Le point de départ du roman est un vrai fait divers qui a défrayé la chronique au Japon. Des parents exaspérés par leur enfant de 7 ans le sortent de la voiture au milieu de la forêt pour le punir et s’éloignent, le temps qu’il se calme. Mais lorsque le père fait demi-tour, l’enfant a disparu. Il sera retrouvé six jours plus tard, miraculeusement vivant. L’affaire a provoqué une vague d’émotion et a hanté Éric Pessan. Il l’a transformée en une fiction troublante, éprouvante et touchante.

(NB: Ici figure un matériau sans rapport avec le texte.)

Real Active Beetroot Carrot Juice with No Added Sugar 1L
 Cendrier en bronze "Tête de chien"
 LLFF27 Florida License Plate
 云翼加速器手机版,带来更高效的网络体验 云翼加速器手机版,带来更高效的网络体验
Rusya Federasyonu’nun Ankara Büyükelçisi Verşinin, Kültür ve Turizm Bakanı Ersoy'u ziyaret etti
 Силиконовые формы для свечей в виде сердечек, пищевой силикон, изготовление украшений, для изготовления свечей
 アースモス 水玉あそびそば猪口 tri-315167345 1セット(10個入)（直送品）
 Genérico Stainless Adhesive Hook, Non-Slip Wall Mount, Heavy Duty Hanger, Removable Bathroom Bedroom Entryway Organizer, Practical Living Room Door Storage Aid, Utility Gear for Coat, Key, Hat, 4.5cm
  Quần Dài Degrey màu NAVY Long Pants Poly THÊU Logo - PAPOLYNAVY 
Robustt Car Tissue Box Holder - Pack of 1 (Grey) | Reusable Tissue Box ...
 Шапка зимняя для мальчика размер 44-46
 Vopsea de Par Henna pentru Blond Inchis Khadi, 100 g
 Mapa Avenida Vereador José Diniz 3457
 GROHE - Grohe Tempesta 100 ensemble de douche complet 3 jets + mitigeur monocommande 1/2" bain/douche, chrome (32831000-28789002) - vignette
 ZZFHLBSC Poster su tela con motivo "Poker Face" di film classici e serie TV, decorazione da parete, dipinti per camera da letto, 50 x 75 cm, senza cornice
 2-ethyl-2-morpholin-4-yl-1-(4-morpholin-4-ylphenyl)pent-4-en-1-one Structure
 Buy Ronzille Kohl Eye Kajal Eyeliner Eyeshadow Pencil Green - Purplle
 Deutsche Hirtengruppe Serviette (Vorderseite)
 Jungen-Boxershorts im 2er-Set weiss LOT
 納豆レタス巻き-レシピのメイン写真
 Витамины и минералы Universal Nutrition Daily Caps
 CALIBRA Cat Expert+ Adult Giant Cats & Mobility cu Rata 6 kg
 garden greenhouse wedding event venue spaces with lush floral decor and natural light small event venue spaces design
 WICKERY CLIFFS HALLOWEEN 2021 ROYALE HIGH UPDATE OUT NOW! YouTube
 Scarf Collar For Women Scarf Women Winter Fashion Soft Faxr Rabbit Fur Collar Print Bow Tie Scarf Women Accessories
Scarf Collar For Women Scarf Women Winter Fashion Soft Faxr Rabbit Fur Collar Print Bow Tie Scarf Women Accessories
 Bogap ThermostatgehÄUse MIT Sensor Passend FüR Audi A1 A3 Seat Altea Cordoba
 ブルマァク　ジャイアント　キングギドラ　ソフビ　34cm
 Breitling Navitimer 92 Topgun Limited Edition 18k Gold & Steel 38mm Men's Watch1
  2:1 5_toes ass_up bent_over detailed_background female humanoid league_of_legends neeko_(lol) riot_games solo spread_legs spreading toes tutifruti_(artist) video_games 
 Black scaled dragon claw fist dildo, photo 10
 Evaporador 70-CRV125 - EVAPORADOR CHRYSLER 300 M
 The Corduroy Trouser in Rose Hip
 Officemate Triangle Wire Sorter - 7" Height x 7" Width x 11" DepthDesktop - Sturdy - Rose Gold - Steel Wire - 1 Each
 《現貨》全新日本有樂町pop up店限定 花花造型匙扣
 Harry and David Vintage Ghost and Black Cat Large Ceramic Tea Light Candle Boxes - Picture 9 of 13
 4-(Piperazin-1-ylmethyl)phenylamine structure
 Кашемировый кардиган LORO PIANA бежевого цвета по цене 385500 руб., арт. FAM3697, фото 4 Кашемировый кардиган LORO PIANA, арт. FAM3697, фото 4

Est-ce qu’un rêve peut se confondre avec la réalité ? Julie, 15 ans, rêve d’un petit garçon ou plutôt rêve d’être ce petit garçon au milieu d’une forêt. Son réveil est un cri de souffrance, celui d’un enfant abandonné par ses parents et perdu dans l’immensité. Désormais, chaque nuit, Julie retourne dans la peau de ce petit garçon dont l’état physique et psychique se dégrade au fil des heures. Elle se réveille chaque jour épuisée et amaigrie, en hypothermie.
Télépathie, empathie ?
Durant son sommeil, l’adolescente et le petit garçon ne font plus qu’un. Le « je » se transforme progressivement en « nous » sans « s » au participe passé. Télépathie, empathie ? Julie essaye de comprendre ce qui lui arrive avec l’intime conviction qu’elle doit aider l’enfant à survivre. Une conviction qui va prendre sens lorsqu’elle apprend que ce petit garçon a un nom et un prénom sur l’île de Hokkaido au Japon. C’est donc elle son ange gardien ? En toile de fond, les sentiments d’abandon, de perte, de culpabilité et cette question lancinante : comment des parents peuvent-ils abandonner leur enfant au milieu d’une forêt pour le punir ?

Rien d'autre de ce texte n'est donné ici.